▸ What is needed
In the entries below, print exactly the lines from the first through the one with "Inspiration for a", both included, and none of the pictures.

(Collected data entries)
#####

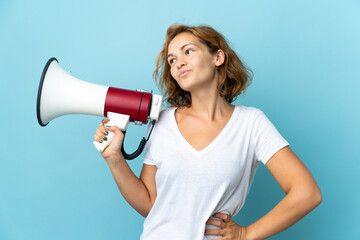 Young Georgian woman isolated on blue background holding a megaphone and thinking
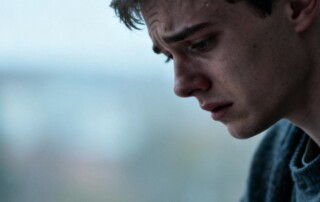 A young man with a distressed expression, symbolizing struggles with body image and eating disorders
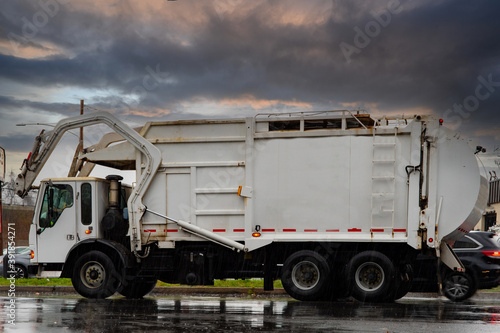 Garbage truck driving on the highway in the city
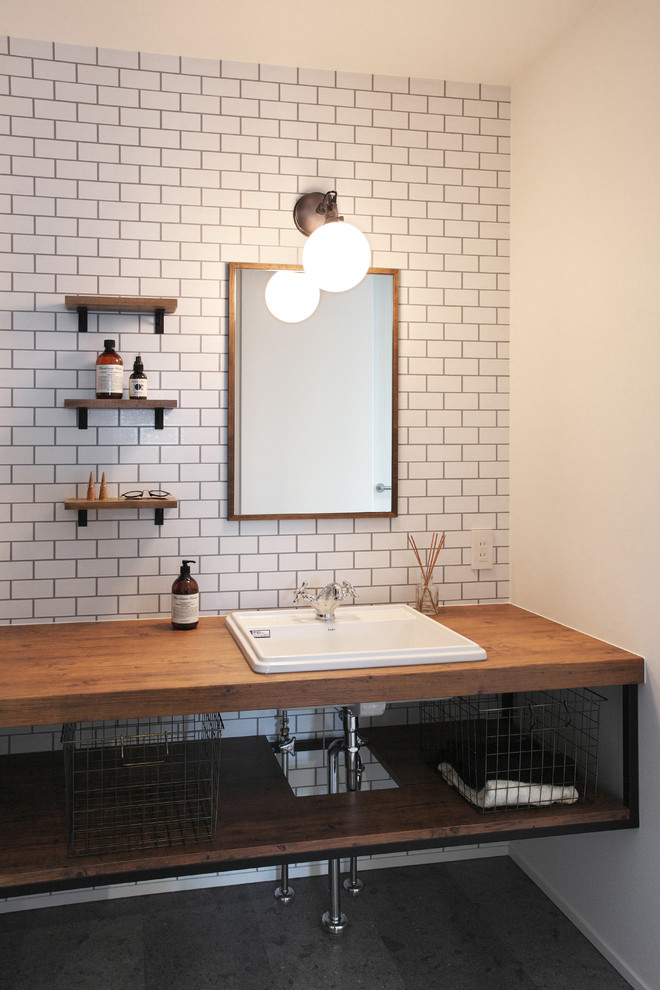 Inspiration for a small midcentury cloakroom in Other with white tiles, metro tiles, white walls, ceramic flooring, a built-in sink, black floors, brown worktops, open cabinets, distressed cabinets and wooden worktops.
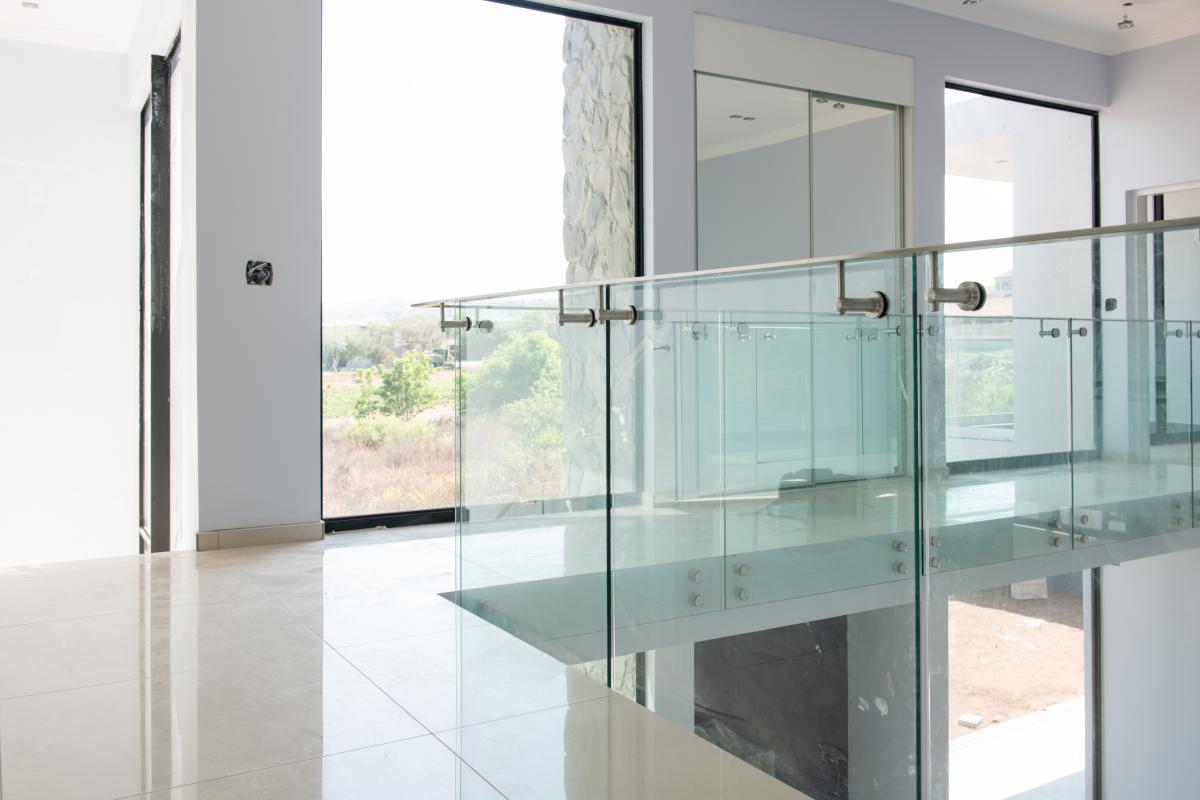 framed glass balustrades with stainless steel handrails in a private residence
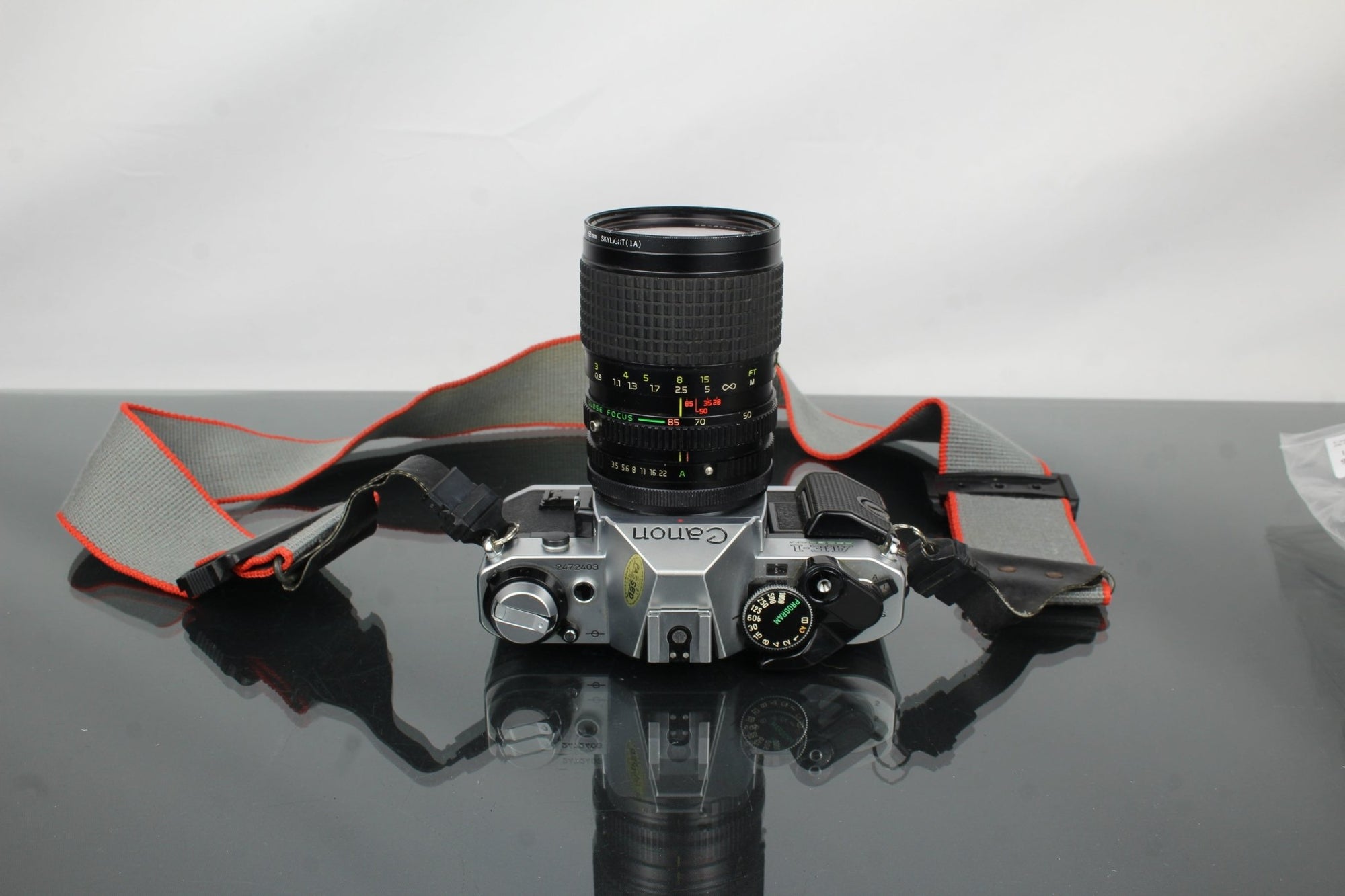 Canon AE - 1 Program + Tokina AT - X 28 - 85mm Canon FD mount lens - Dutch|Thrift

#####

▸ Task result
 Young Georgian woman isolated on blue background holding a megaphone and thinking
 A young man with a distressed expression, symbolizing struggles with body image and eating disorders
 Garbage truck driving on the highway in the city
 Inspiration for a small midcentury cloakroom in Other with white tiles, metro tiles, white walls, ceramic flooring, a built-in sink, black floors, brown worktops, open cabinets, distressed cabinets and wooden worktops.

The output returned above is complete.